---------- DATA EXCERPTS

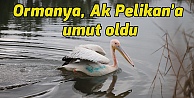 Ormanya, Ak Pelikan'a umut oldu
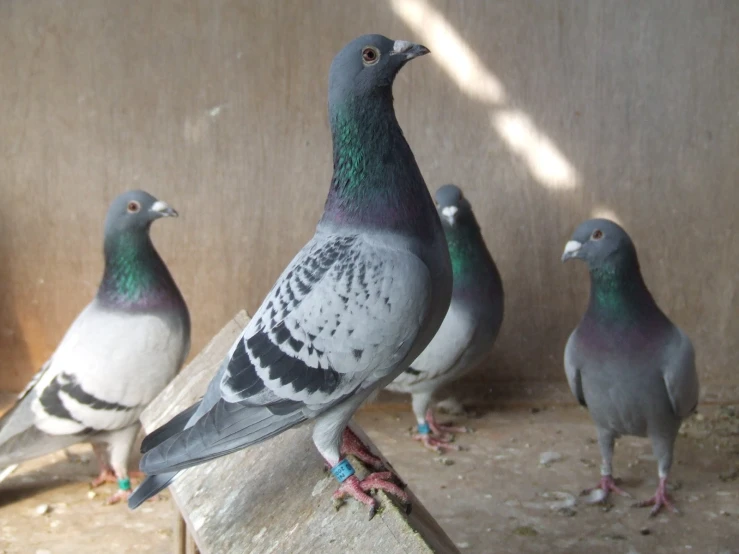 four birds standing on a rock by a wall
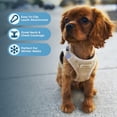 thumbnail image 5 of Best Pet Supplies Voyager Step-In Plush Suede Dog Harness, 5 of 8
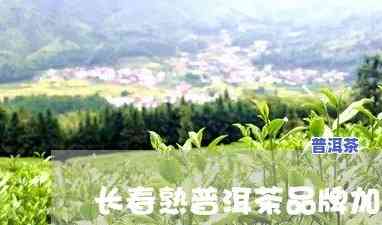 长春加盟普洱茶电话-长春加盟普洱茶电话号码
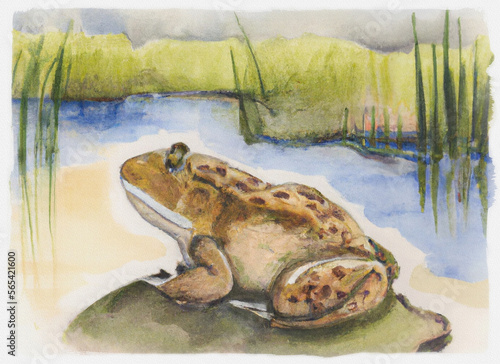 Tela Peaceful watercolor painting of a toad sitting on a water lily pad at a tranquil pond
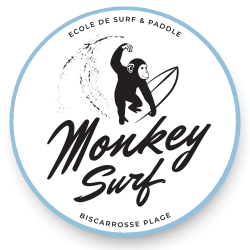 Monkey Surf | École de Surf à Biscarrosse | Cours de surf et paddle | Camping Campéole Plage Sud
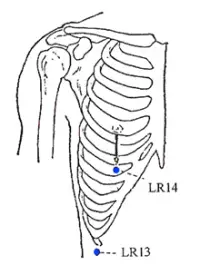 Liver Meridian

--------------------

BRIEF ->
From the line containing "Tela Peaceful watercolor" to the last line of the entries, copy every line exactly, including both ends, and leave out the pictures.

EXERCISE SOLUTION ->
 Tela Peaceful watercolor painting of a toad sitting on a water lily pad at a tranquil pond
 Monkey Surf | École de Surf à Biscarrosse | Cours de surf et paddle | Camping Campéole Plage Sud
 Liver Meridian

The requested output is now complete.